Outside of research and insights, it seems to be a more level playing field with sales enablement, HR and IT, implementing next generation AI-powered knowledge management.
CGT: Who should be involved in implementing AI knowledge management within the organization, and what are the best practices to make the process seamless?
This is dependent on the use case you are trying to solve. IT is always a part of the implementation and should be brought in early to help your vendor understand how content is accessed. Always include the subject matter experts for intel on the data they find most valuable and how it needs come to life.

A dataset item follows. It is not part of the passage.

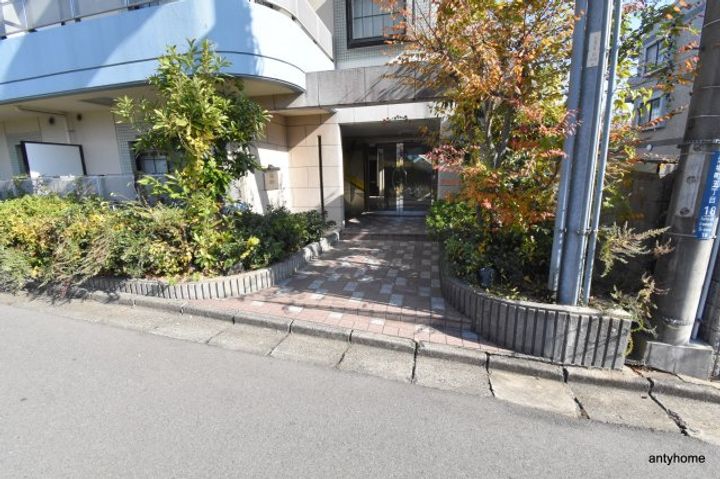 大阪府吹田市江坂町5丁目(マンション)の賃貸物件のその他画像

A not so obvious answer is to include an executive. Technology doesn’t work in a vacuum. In fact, for technology to be successful, you need buy in across the company. Leaders need to understand the ROI, so they become your cheerleaders. If you have executive leadership buy-in, then you’re on the right path.
CGT: What advice do you have for CGs that are just starting to think about implementing AI knowledge management systems?
Solve problems one at a time. Start with small user groups with the biggest need. For example, before taking on a client we hold a user case persona session to clearly define specific needs, requirements, and ROI of each specific use case. If your vendor can solve it and prove the system is valuable, then continue scaling it by creating more positive use cases.
Big picture advice: Remember the Ferris Buhler quote, “Life moves pretty fast. If you don't stop and look around once in a while, you could miss it”. Tech moves even quicker. Don’t get comfortable. For CGs to stay competitive they need to continually test, learn and watch the marketplace, and never accept the status quo from AI vendors.